Editor’s note: NeuGroup’s online communities provide members a forum to pose questions and give answers. Talking Shop shares valuable insights from these exchanges, anonymously. Send us your responses: [email protected].
Context: Fraud risk assessments performed by internal auditors are designed to identify a company’s vulnerabilities to internal and external fraud, including embezzlement, asset misappropriation, misstatement of financial information, corruption and cybercrime. According to a position paper by The Institute of Internal Auditors, “organizations should have robust internal control procedures to limit the risk of fraud, and internal audit’s role is to assess these controls.”
- A fraud risk management guide produced by the Committee of Sponsoring Organizations (COSO) and the Association of Certified Fraud Examiners (ACFE) states that organizations perform “comprehensive fraud risk assessments to identify specific fraud schemes and risks, assess their likelihood and significance, evaluate existing fraud control activities, and implement actions to mitigate residual fraud risks.”
Member question: “Have you typically completed fraud risk assessments based on a company-wide perspective or have you started with a smaller group or portion of the business? IA has not executed one at my company since I have been here, so I’m looking for how this has been approached elsewhere to determine if we can narrow the scope.”
Peer answer 1: “We do a company-wide fraud risk assessment via survey and leverage the ACFE model, tailored for our business. While we include functions across the company, we only survey 55 to 60 cross-functional representatives to complete the survey.”
Peer answer 2: “We do a company-wide one for Sarbanes-Oxley (SOX) focused on financial reporting fraud risk. For operational fraud risk, it’s audit by audit (we require every team to assess fraud risk in the risk control matrix). We just completed a procurement fraud review which was basically a procurement fraud risk assessment plus walk-throughs of key controls.”
Peer answer 3: “Rather than focus on groups or portions of the business, we do ours based on a combination of 23 general fraud schemes that are applicable, e.g., channel partner fraud, government contract noncompliance, manipulation of estimates/reserves, off-balance sheet activity, expense reimbursements), results of relevant investigations that occurred during the year, and emerging trends.
- “We then assign a risk level to each, identify risk mitigations (primarily by mapping them to existing SOX controls), and then flag the schemes with no or insufficient mitigating activities and controls. The flagged areas are either escalated to management for consideration of new risk mitigations or considered as auditable areas as we develop and update our audit plan.”
Peer answer 4: “Our fraud risk assessments are conducted annually with a company-wide perspective to satisfy our entity-level SOX control and to give EY info to modify their audit scope if needed. This approach involves:
- “Considering enterprise risk management assessment results.
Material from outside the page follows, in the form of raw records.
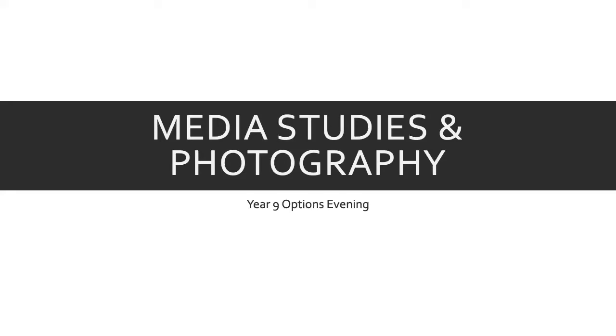Hello there, parents, guardians and pupils of King's School. My name is Mr. Palmer and I am the Head of Media Studies and Photography here at King's. Thank you for watching this video and considering Media Studies or Photography as a course.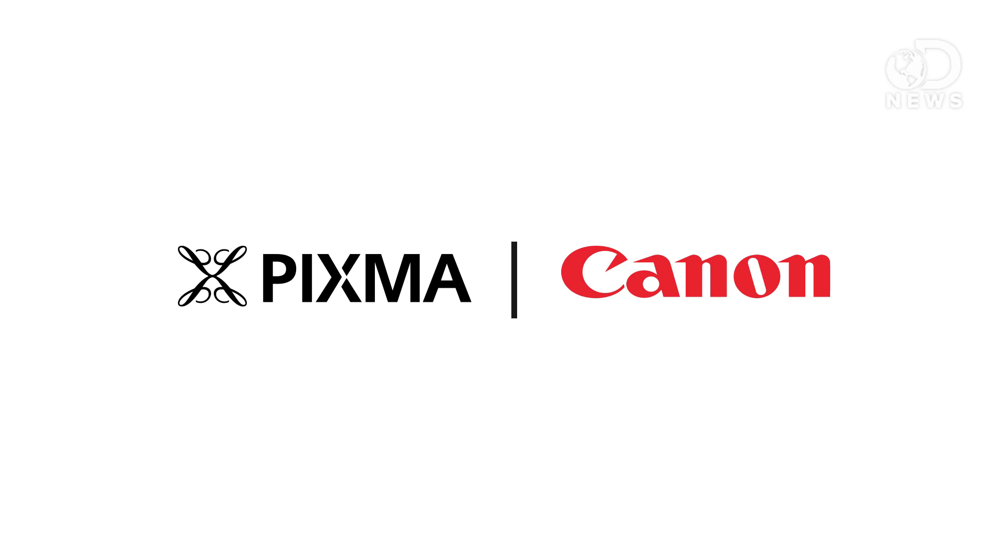This episode of DNews is brought to you by Canon PIXMA Pro Professional Inkjet printers, exactly as you envisioned.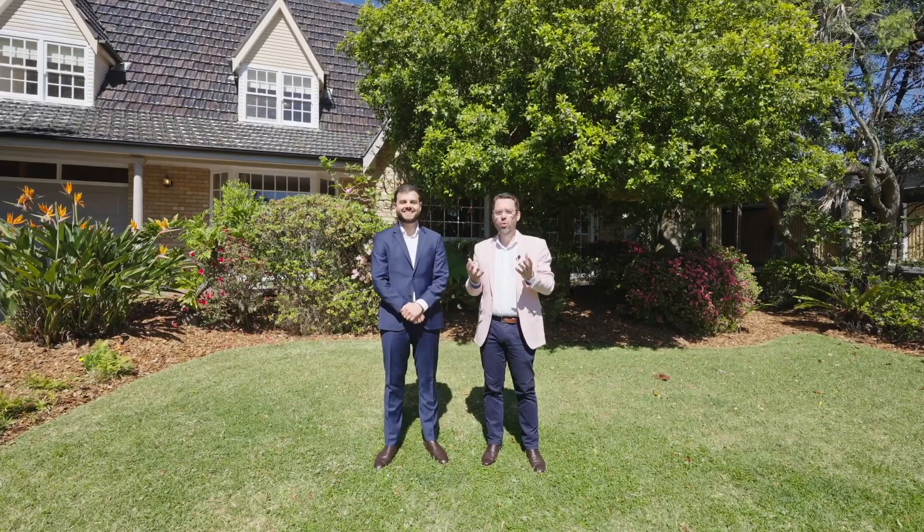So if you're looking for your next property in one of the most prime streets of St Ives, we really recommend your inspection and we look forward to meeting you at the open home.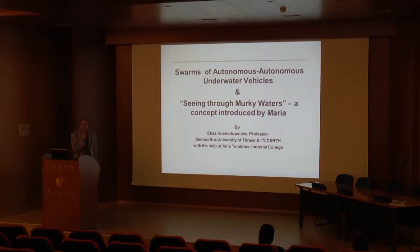I am a professor of democracy at the university, but I ran out of my projects with IETI. Today I will give a talk on a project that we worked on together with Maria. This project has to do with autonomous underwater vehicles, where Maria applied and developed her concept on seeing through murky water. The presentation is two different parts: the first part is written by me, the second part was written by Maria's students from Imperial College.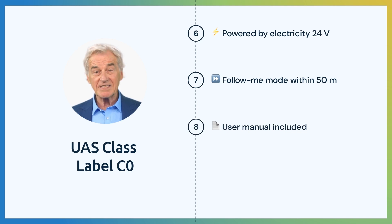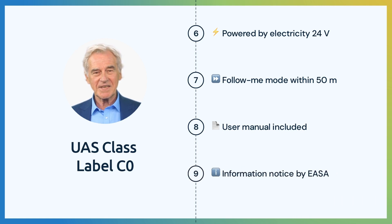The UAS shall have a detailed user manual that reflects the maximum takeoff mass, class, and general characteristics. Additionally, the operative behavior and limitations must be described. Lastly, the UA shall include an information notice published by the European Union Aviation Safety Agency about limitations and obligations within the implementing regulation 2019-947.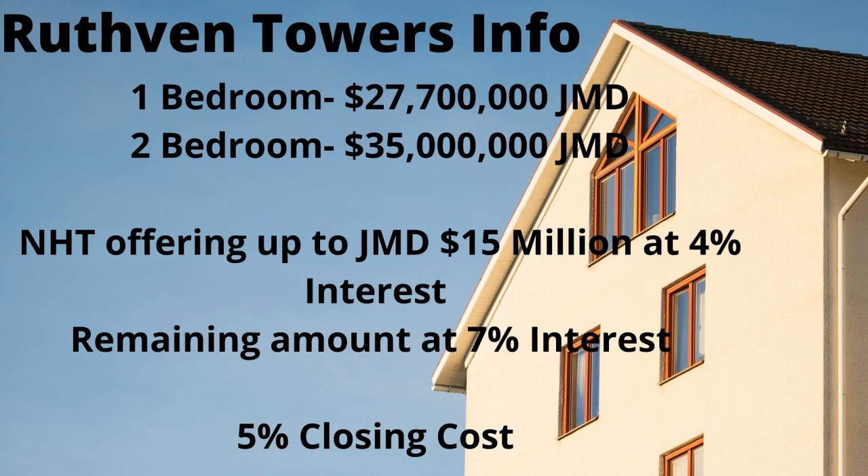Currently, phase one is completed — that's tower one of the building. Phase two will see towers two, three, and four completed.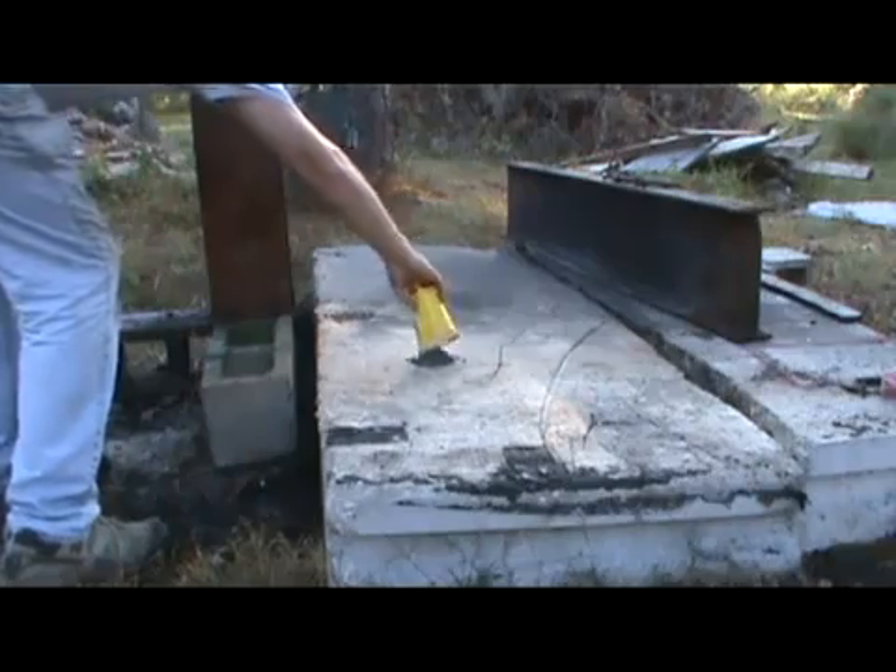Thermite is difficult to ignite, and ordinary fuse is not hot enough. A magnesium strip, which burns white-hot, will ignite the thermite, giving off heat and white smoke. NIST mentions bright white flames — almost immediately, a bright spot appeared at the top of the window on the 80th floor. An unusual flame is visible within the fire, with a very bright white flame standing out in the upper photograph.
- “Conducting surveys to gauge employees’ perspectives on the company’s fraud risk management as well as the company culture on fraud.
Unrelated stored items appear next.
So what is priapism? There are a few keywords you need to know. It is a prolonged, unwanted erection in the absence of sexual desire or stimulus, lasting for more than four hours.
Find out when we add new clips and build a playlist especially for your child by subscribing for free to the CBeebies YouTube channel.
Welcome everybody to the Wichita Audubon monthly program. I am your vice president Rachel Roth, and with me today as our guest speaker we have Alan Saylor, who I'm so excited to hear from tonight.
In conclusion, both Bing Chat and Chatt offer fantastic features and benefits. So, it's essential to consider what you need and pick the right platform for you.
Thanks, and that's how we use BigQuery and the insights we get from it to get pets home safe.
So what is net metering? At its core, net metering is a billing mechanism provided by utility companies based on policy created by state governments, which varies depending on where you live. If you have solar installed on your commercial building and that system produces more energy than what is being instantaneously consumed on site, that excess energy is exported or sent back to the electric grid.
- “Identifying processes with high inherent fraud risks for focused analytics. There were 11 this year, but we did analytics on higher inherent risks and where actual fraud happened, assessing the effectiveness of existing controls for these areas.”
NeuGroup Insights asked the member who posed the question for an update. She said, “We have decided to move forward with a company-wide fraud risk assessment in order to perform a more comprehensive assessment. We have not begun the project yet, so there is a possibility the scope will be narrowed slightly.
- “The approach will be to conduct three to five brainstorming sessions with cross-functional groups to obtain input on possible fraud risks and scenarios. In future years, perhaps, I would hope we transition to a survey approach, but that is just a preliminary thought.”